園児の送迎バスでの置き去りを防ぐため、子ども用シューズを「見守り」に活用する取り組みが進められている。
スポーツ用品大手の株式会社アシックス(神戸市)は、同市にある近畿タクシー株式会社や神戸常盤大学附属ときわ幼稚園と協力し、スマートシューズによる送迎バスの見守り実証実験を実施しているのだ。
使用するのは「TUNEGRID-Cube」という約7グラムの小型センサーを取り付けたシューズで、Bluetoothを介した受信機との連動や、時間に応じた歩数を記録できるもの。

実験では5歳の園児14人にこのシューズを履いて通園してもらう。近畿タクシーが運行管理する送迎バスに子どもが乗車すると、車内に設置した受信機が乗降を検知。幼稚園の職員が使うアプリに、一目で分かるよう伝える仕組みになっているという。

また、車内の受信機にはGPSが搭載されており、送迎バスの位置やおよその到着時間もアプリで把握できる。さらに幼稚園の正門にも受信機があり、送迎バスから降りて登園したことが分かるようにしているとのことだ。

実験で使う「TUNEGRID-Cube」は、もともとスマートシューズやビデオカメラなどのツールと連携して競技や個人の運動データを管理分析し、競技力向上などに活用するスポーツデータ統合システム「TUNEGRID」の中核を担う技術のひとつ。
現在「TUNEGRID」はさまざまな分野に用途を広げ、子どもの体力向上や、暑さ対策をふまえた運動環境の構築などの課題解決にも取り組んでいくという。
バス事業のDXソリューションを模索中に…
スポーツメーカーが、本来は異なる用途で作った技術を「見守り」に使うきっかけは何だったのだろうか? またセンサー内蔵ということだが、靴を水洗いするときはどうすればいいのだろうか? アシックスの担当者に聞いてみた。
――置き去り対策に取り組んだきっかけを教えて。
近畿タクシー様が「TUNEGRID」に興味を持って頂いたことがきっかけです。
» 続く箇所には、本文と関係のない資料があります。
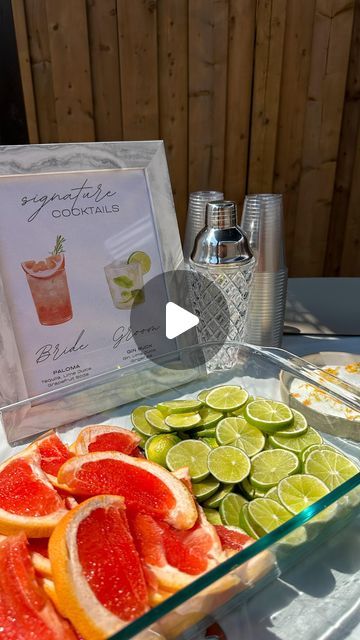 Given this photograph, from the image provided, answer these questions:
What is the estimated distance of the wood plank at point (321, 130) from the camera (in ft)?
7.22

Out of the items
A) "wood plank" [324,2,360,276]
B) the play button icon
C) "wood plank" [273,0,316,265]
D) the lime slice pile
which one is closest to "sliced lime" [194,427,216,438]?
the lime slice pile

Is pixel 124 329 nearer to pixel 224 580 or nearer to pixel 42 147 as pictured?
pixel 42 147

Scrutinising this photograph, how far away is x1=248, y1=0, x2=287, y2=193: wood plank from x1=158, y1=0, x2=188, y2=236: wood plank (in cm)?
33

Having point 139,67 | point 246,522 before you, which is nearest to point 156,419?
point 246,522

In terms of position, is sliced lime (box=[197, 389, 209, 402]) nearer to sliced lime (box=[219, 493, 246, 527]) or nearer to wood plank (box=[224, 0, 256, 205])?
sliced lime (box=[219, 493, 246, 527])

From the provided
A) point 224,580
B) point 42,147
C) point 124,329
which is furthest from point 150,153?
point 224,580

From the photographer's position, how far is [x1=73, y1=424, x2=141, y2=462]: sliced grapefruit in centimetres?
65

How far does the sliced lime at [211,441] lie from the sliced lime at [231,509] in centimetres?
10

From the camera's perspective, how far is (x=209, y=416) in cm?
73

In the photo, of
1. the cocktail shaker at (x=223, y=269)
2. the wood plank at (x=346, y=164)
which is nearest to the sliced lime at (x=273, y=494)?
A: the cocktail shaker at (x=223, y=269)

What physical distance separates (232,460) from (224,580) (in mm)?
206

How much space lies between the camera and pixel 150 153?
0.93 metres

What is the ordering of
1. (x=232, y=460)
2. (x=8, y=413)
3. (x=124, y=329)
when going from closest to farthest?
(x=232, y=460) < (x=8, y=413) < (x=124, y=329)

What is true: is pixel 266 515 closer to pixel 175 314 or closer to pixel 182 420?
pixel 182 420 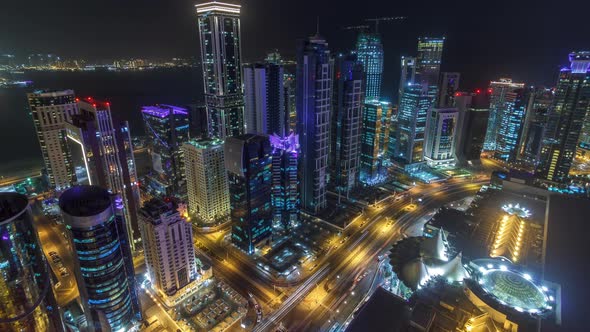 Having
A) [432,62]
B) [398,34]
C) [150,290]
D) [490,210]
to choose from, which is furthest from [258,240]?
[398,34]

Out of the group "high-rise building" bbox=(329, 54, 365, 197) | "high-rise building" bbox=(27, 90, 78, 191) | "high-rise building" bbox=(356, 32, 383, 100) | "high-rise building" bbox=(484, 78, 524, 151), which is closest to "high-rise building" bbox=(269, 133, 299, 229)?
"high-rise building" bbox=(329, 54, 365, 197)

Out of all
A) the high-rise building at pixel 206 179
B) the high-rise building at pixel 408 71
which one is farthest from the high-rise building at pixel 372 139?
the high-rise building at pixel 206 179

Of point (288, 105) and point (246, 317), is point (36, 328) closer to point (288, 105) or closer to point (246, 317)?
point (246, 317)

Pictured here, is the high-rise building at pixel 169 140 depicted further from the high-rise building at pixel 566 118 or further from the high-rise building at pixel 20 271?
the high-rise building at pixel 566 118

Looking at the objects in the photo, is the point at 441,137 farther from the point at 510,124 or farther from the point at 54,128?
the point at 54,128

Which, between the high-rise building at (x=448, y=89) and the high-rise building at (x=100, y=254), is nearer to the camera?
the high-rise building at (x=100, y=254)

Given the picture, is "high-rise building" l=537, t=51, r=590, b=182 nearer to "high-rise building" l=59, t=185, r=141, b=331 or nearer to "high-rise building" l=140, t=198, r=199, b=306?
"high-rise building" l=140, t=198, r=199, b=306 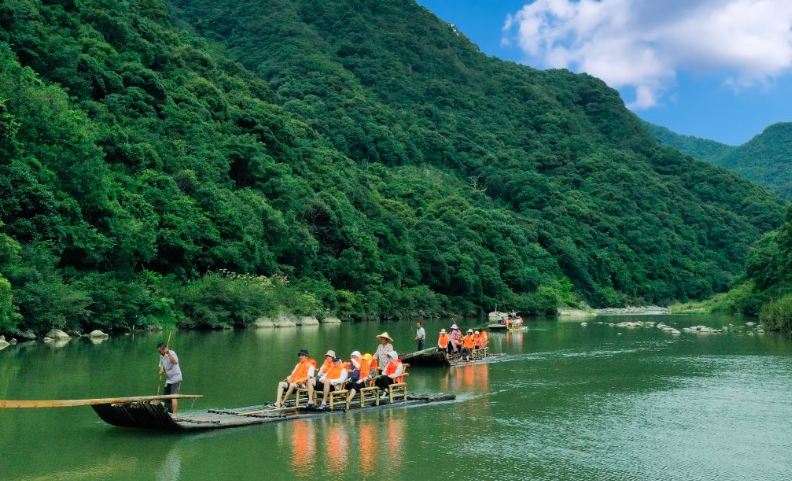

両社でバス事業に関するDXソリューションを模索していた際、幼児のバス置き去り事故が起き、その解決策のひとつになり得るのではないかと思い、当社が有する「TUNEGRID」を活用した、今回の実証実験の実施を決めました。
そして、ときわ幼稚園様に、実証協力のお願いをさせて頂いたところ、社会課題の解決につながり得る取り組みということでご快諾頂き、3者の取り組みを開始しました。
当社は、「スポーツでつちかった知的技術により、質の高いライフスタイルを創造する」をビジョンに掲げ、世界の人々が健康で幸せな生活を実現できる製品やサービスの提供を目指しています。今回の実証実験では、スポーツ分野で開発したシステムを活用し、社会課題の解決に貢献していきたいと考えています。また、体力向上や怪我リスク軽減、運動環境の改善など教育現場が抱える他のさまざまな課題解決にも貢献し、子供たちが安心安全に運動できる環境づくりに取り組んでいきたいと考えています。

――「見守り」にシューズを使うメリットは?
靴は外出する際、必ず身に着けるという点です。違和感なくご着用いただけるよう、軽量で小型のセンサーを靴に取り付けています。
――実証実験のアプリで、保護者が子どもの情報を見ることはできない?
現在は幼稚園の職員の方にご使用いただいております。今後は、保護者の方もご利用頂けるシステムの構築を目指します。
センサーは完全防水で水洗いOK
――「TUNEGRID-Cube」と受信機は、どのぐらい離れても検知するの?
およそ20mです。
――「TUNEGRID-Cube」が付いたシューズは、どうやって洗う?
センサーは完全防水となっており、そのまま水洗いが可能です。

――このシューズの値段を教えて。
現在は一般販売しておらず、通常のシューズよりは少し高くなる想定をしています。また、センサーはおよそ1年間ご利用頂けますので、「靴が小さくなった」「破れた」などの場合はシューズのみ買い替えていただくことも想定しています。それぞれの価格設定については、現在検討中でございます。
――実用化はいつごろになる?
具体的な実用化の時期は決めていません。本実証を通じて課題を抽出し、慎重に取り組んでいきたいと考えています。

近年は毎年のようにバスの置き去りが報道され、保育園などでも注意しているはずだ。それでも起きてしまっていることから、このような仕組みも活用し、少しでもヒューマンエラーを防ぐことが必要なのかもしれない。